Spare democratic norms

Published January 3, 2019

WHOEVER counselled the federal cavaliers to drop their campaign to destabilise the Sindh government has done well by the country’s democracy that still needs oxygen to breathe.

There is no fun in making oneself a laughing stock by declaring that the federation was not interested in forcing a change in Sindh. One excited gentleman repeatedly claimed that a good number of PPP MPAs in Sindh were ready to cross the floor, and that the Murad Ali Shah government could not survive. The purpose of the federal information minister’s plan to fly to Karachi was not concealed: he was going to assume command of the operation to overthrow the Sindh government. One dispatch from the war headquarters assured the people of Sindh that their new chief minister also would be a Shah.

Explore: PTI's political engineering in Sindh isn't likely to work, but it will have serious consequences

These warriors did not realise that enforced defections are not only contrary to democratic politics, they also make the losing party more popular. The two other opposition parties in the Sindh Assembly — the MQM and PML-F, both the PTI’s coalition partners at the centre and both fiercely opposed to the PPP — realised this and hastened to distance themselves from the ‘get-Murad’ expedition.

It is surely time the government acquired the confidence to govern without demonising the opposition.

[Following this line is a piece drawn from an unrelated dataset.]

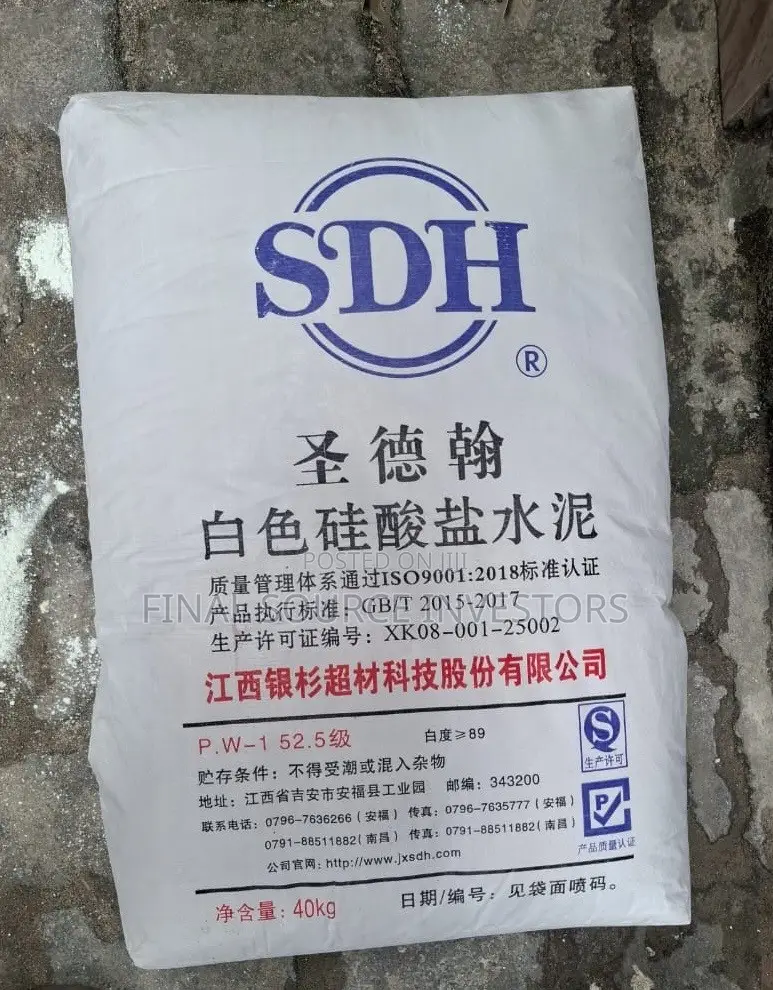 SDH White Cement 52.5 ( 40kg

The PTI spokespersons also forgot that extra-democratic attacks on a battered and wounded PPP were helping it gain some ground. (A street wit thought some of the politicos in the ruling party who had earlier contested elections on PPP tickets were operating as its secret weapons.) Nor did they remember their leader’s straightforward declaration that he would grant the opposition anything it wanted, except calling a halt to accountability. This is a fair rule of the game that all parties need to follow.

Hysterics apart, Murad Ali Shah was asked to step down because his name had been put on the Exit Control List. The demand is in violation of the settled practice that nobody can be forced to quit a public office until he is convicted of a charge involving moral turpitude. That an office-holder may voluntarily quit is a different matter, and we don’t have such knights in shining armour.

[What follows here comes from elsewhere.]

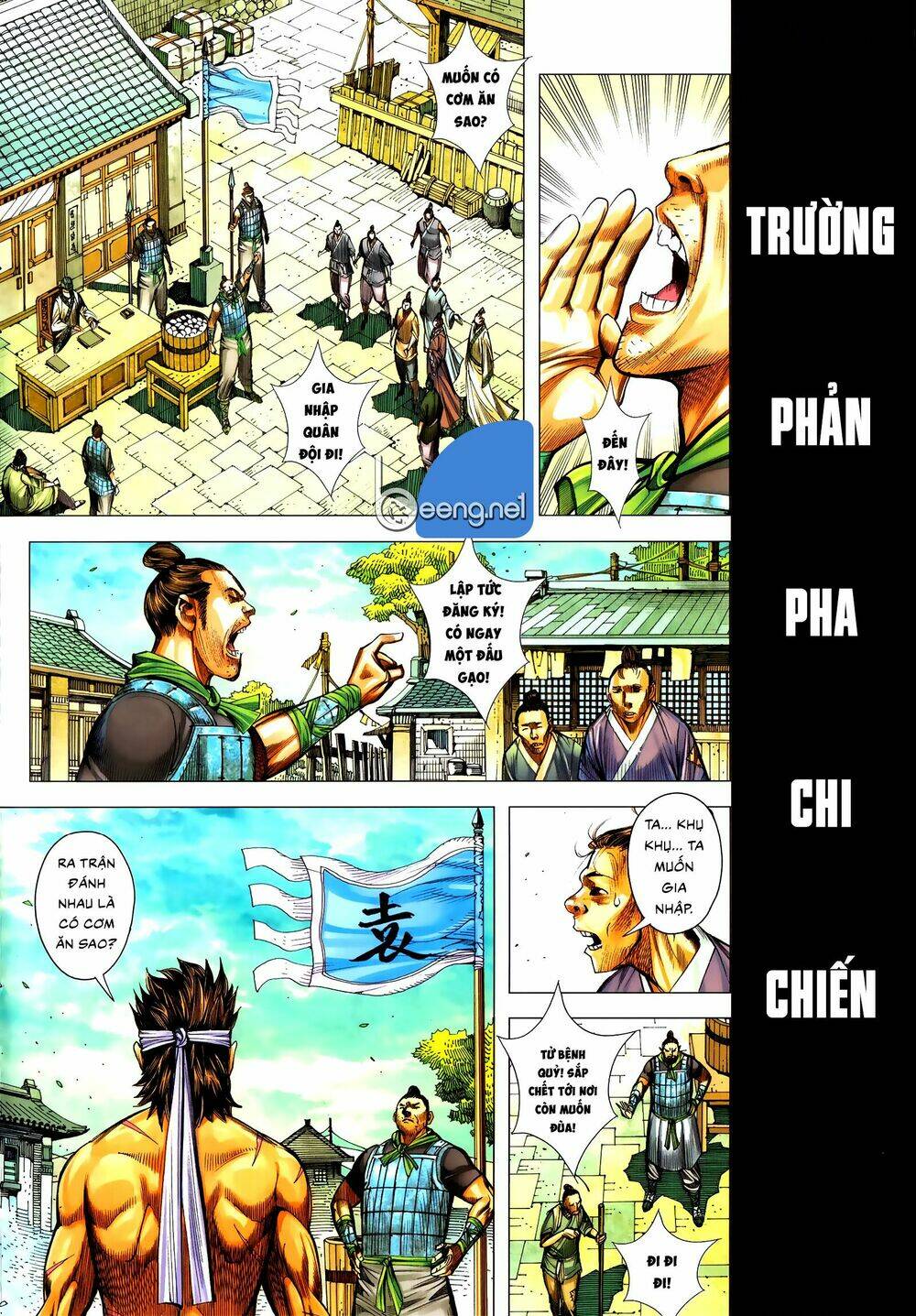 Chương 57.2 - Trang 1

A most recent example is that of Nawaz Sharif. He was not ousted from office until he was found guilty by the Supreme Court. If anyone is made liable to lose his right merely because his name has been put on the ECL without a judicial order, there will be no end to the havoc the executive authorities might cause.

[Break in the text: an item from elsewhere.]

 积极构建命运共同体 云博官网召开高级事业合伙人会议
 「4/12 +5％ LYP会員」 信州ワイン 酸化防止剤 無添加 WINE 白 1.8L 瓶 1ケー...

The talk of putting Sindh under governor’s rule reached the Supreme Court’s ears and the warning against imposing governor raj on Sindh and the derailment of democracy has come not from a PML-N or PPP loyalist or a civil society disruptionist, but from the head of that very apex court whose judgement had set the PTI bandwagon rolling. Any student of politics can prove that a robust opposition will cause Pakistan much less harm than a single-party rule.

What did those banking on the ECL weapon gain from earning a rebuke from the chief justice of Pakistan when he expressed his dismay at scores of names having been placed on the ECL without any inquiry, turned down Farooq Naek’s plea to withdraw from Zardari’s defence, and ordered his name’s removal from the ECL?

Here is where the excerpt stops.